GilgaLab

3May/112

Python C API – Second Step

Posted by Henrique

As promissed, here is the second step on playing with the Python C API. If you haven't read the first post, I strongly suggest you to do so: Python C API - First Step

This will be a much more exciting read with many new concepts.
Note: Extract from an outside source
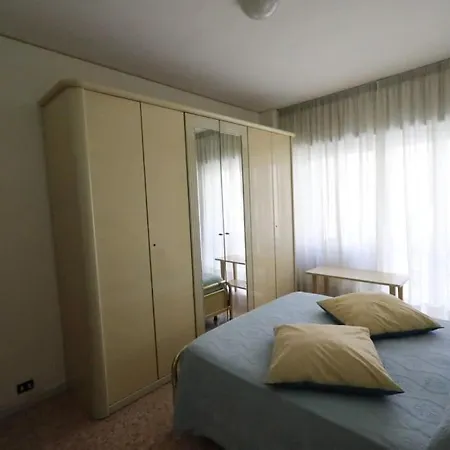 Pochi Passi Da San Pietro Metro A Cipro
If you find something to be confusing or is having a hard time understanding it, please let me know and we can discuss!

For this post I will show a code that does many things, such as:

  • Look for the 'sys' module in the default loaded modules
  • Add a new path to the sys.path list in the sys module
  • Import a module wirtten by us
  • Access the members of the module that we loaded
  • Call a function from the module that we loaded
  • And more!

I hope that from this introduction you feel excited about what is coming ahead!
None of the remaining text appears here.